“Close association”
On 10 April, de Valera, having succeeded Cathal Brugha as President of the Dáil Ministry, made a formal statement of policy that referred to the Minister of Defence as being “in close association with the voluntary military forces which are the foundation of the National Army”. The word “foundation” could be interpreted as implying that the Volunteers did not at that date constitute the army of the state. In August, Cathal Brugha, now the Minister of Defence, as well as a prominent member of the Volunteers, sought to clarify this ambiguity by means of an oath of allegiance. This oath would be taken not only by all Volunteers, but also by TDs and those employed by the Dáil. While this action resolved one aspect of the problem, it further muddied the waters in terms of the line of demarcation between political and military authority.

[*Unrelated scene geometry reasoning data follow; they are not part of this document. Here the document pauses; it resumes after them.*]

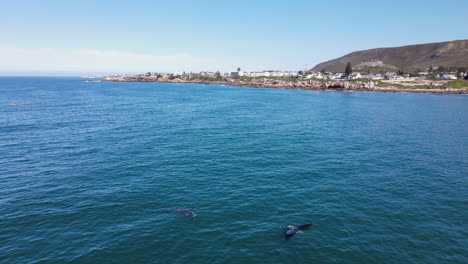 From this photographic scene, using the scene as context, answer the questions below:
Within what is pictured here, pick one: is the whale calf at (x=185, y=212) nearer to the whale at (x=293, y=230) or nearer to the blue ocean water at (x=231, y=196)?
the blue ocean water at (x=231, y=196)

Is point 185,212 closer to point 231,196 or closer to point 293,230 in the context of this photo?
point 231,196

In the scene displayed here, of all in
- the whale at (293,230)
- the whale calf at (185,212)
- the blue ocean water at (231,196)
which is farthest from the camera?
the whale calf at (185,212)

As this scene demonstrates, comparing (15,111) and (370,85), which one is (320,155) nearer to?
(15,111)

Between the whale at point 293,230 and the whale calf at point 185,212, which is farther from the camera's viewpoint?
the whale calf at point 185,212

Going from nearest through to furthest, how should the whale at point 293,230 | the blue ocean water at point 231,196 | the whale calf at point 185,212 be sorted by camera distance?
the blue ocean water at point 231,196 < the whale at point 293,230 < the whale calf at point 185,212

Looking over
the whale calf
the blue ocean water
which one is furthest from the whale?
the whale calf

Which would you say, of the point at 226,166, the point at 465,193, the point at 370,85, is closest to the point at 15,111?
the point at 226,166

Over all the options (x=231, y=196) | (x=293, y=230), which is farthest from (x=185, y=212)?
(x=293, y=230)

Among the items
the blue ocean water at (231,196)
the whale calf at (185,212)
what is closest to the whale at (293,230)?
the blue ocean water at (231,196) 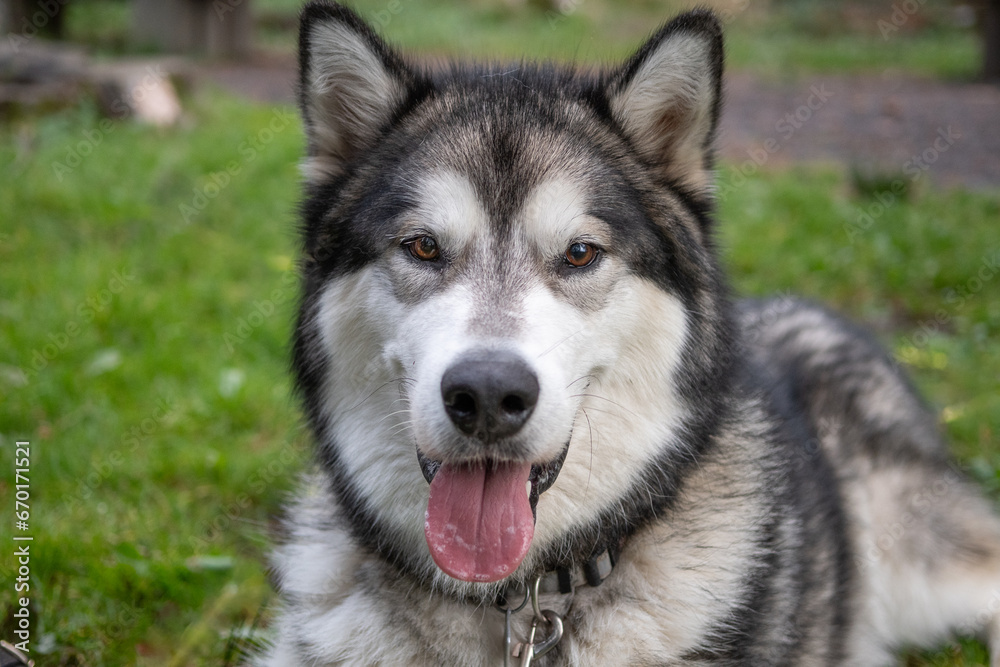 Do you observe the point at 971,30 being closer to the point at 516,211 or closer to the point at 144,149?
the point at 144,149

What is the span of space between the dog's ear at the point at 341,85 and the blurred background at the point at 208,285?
0.29 meters

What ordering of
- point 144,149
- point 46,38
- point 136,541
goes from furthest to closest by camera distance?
1. point 46,38
2. point 144,149
3. point 136,541

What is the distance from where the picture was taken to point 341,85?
2.80 m

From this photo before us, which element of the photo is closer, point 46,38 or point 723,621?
point 723,621

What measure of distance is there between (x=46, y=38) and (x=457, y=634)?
53.1 ft

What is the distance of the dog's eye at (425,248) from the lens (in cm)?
250

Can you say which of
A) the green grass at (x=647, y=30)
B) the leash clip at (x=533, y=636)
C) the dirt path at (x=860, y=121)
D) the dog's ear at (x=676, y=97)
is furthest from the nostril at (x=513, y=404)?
the green grass at (x=647, y=30)

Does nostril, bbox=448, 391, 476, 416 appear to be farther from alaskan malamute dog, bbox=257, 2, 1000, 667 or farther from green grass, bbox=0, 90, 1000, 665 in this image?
green grass, bbox=0, 90, 1000, 665

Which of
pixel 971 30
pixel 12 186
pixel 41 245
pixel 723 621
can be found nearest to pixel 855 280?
pixel 723 621

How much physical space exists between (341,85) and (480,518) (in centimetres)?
150

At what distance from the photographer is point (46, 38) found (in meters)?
15.1

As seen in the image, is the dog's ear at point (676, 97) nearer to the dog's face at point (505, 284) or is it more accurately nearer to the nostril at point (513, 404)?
the dog's face at point (505, 284)

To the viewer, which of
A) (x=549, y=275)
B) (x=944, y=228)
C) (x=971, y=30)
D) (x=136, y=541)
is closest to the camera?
(x=549, y=275)

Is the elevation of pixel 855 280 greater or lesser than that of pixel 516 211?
lesser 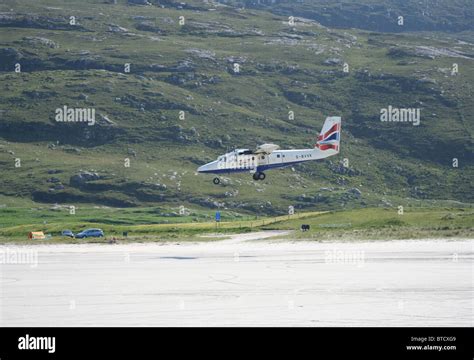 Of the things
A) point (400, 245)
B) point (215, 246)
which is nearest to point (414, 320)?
point (400, 245)

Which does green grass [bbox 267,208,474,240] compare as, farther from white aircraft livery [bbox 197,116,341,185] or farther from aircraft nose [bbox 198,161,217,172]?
aircraft nose [bbox 198,161,217,172]

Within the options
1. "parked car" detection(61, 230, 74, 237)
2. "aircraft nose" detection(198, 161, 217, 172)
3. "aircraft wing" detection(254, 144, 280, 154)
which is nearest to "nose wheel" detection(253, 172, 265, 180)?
"aircraft wing" detection(254, 144, 280, 154)

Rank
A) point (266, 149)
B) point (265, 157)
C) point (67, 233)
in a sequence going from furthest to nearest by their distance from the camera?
1. point (67, 233)
2. point (265, 157)
3. point (266, 149)

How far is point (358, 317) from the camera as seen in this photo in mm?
32125

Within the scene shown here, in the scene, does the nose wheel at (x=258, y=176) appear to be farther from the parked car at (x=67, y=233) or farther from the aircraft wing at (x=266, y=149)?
the parked car at (x=67, y=233)

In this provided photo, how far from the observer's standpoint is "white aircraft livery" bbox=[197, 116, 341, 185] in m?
90.9

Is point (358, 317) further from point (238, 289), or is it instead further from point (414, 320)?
point (238, 289)

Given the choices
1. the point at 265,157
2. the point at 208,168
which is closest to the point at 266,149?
the point at 265,157

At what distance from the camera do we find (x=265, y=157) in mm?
91062

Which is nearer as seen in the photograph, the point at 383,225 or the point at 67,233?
the point at 383,225

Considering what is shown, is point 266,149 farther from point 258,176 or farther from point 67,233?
point 67,233

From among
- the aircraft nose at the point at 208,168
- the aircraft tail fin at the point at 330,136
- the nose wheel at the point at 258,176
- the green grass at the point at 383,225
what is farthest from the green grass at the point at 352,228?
the aircraft tail fin at the point at 330,136

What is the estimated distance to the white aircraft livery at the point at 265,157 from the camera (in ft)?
298

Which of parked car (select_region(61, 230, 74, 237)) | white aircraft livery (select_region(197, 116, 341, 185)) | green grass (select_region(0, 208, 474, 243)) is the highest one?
white aircraft livery (select_region(197, 116, 341, 185)) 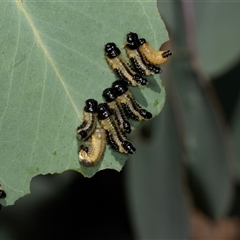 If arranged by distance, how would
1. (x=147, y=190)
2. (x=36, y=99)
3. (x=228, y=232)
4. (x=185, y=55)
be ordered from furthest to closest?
1. (x=228, y=232)
2. (x=147, y=190)
3. (x=185, y=55)
4. (x=36, y=99)

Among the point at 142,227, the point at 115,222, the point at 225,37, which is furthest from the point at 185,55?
the point at 115,222

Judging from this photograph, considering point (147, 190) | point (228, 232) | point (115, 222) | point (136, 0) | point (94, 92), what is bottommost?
point (228, 232)

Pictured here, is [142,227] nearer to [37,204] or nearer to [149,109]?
[37,204]

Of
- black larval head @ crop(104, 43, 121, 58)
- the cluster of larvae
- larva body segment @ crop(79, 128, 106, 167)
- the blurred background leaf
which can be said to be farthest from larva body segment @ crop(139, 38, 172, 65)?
the blurred background leaf

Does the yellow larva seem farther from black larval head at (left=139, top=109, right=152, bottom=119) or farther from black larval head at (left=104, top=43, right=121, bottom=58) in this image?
black larval head at (left=139, top=109, right=152, bottom=119)

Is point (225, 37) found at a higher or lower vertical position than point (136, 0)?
lower

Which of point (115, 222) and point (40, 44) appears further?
point (115, 222) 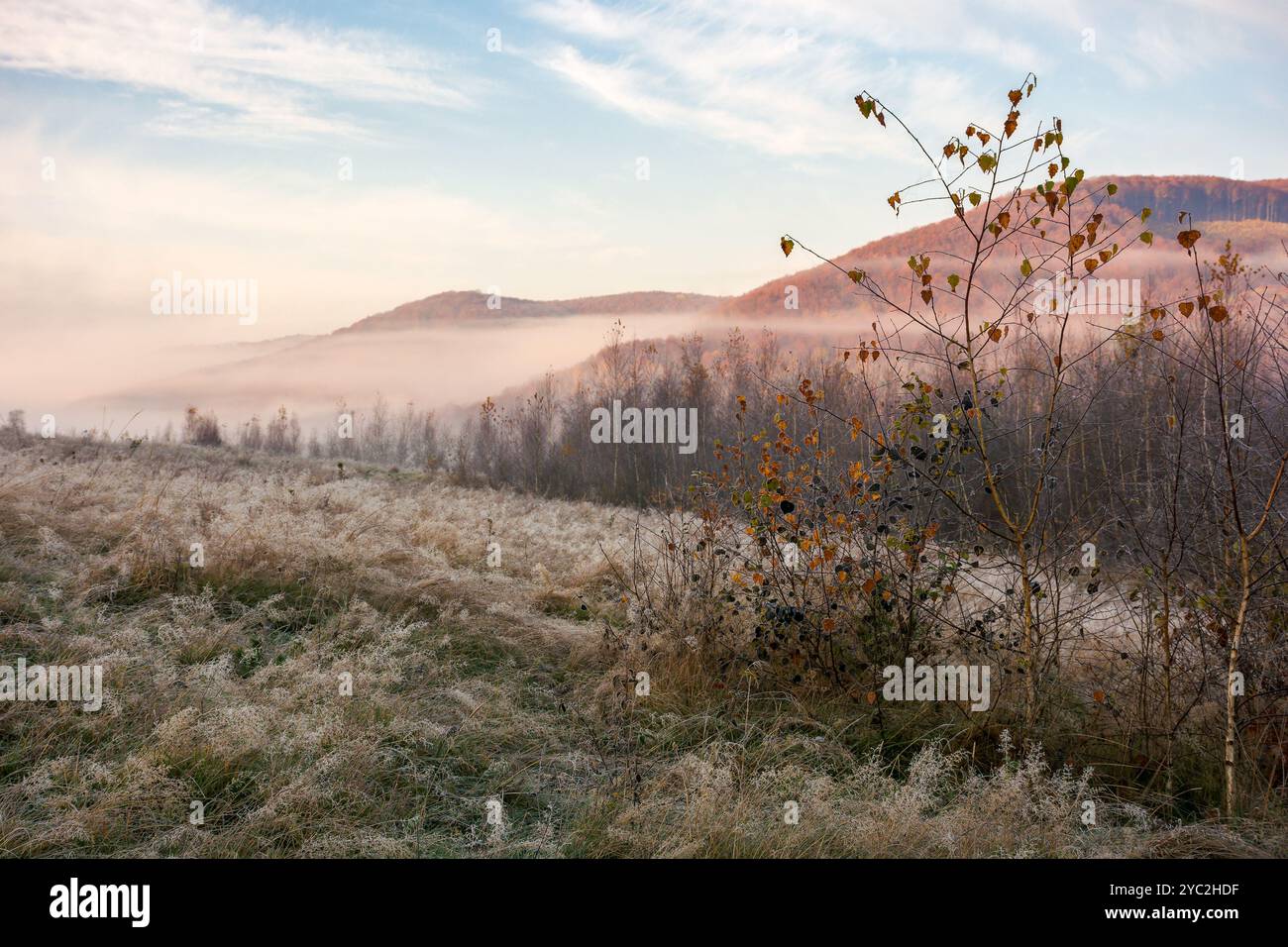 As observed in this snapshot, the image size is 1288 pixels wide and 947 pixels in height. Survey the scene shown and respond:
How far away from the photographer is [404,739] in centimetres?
445

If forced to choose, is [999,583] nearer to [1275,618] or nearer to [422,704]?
[1275,618]

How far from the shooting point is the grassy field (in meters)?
3.55

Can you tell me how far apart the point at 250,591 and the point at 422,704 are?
7.94 ft

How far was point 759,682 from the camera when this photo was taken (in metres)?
5.47

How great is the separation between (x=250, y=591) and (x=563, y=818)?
3788mm

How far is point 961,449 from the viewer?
4770mm

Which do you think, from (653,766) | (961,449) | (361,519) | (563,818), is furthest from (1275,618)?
(361,519)

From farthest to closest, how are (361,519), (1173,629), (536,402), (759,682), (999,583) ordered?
(536,402), (361,519), (999,583), (759,682), (1173,629)

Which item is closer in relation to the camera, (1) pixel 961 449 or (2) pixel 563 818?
(2) pixel 563 818

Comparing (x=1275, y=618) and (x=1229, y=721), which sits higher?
(x=1275, y=618)

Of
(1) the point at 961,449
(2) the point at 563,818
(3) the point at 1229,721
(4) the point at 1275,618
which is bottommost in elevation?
(2) the point at 563,818

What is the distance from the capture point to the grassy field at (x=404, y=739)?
11.6 ft

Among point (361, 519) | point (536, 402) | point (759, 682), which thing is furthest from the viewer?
point (536, 402) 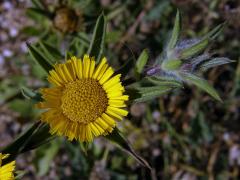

It seems that some within the upper echelons of the IRB were initially reluctant to swear the oath, fearing that it undermined the Brotherhood’s claim to be the sole source of republican legitimacy. By degrees, however, it seems to have been near universally administered to the relevant parties, including both existing Volunteers and new recruits, over the following months. On the one hand such a step regularised the position of the Volunteers by subordinating the army to its political masters, most of whom, of course, had themselves served in the Volunteers, or continued to do so. It also, however, created the potential for a conflict between the two sides, if the Dáil could be seen as having abandoned - even temporarily - the republican position as expressed in the oath. This scenario became all too real following the signing of the Anglo-Irish Treaty of 6 December 1921 and its ratification by the Dáil the following month.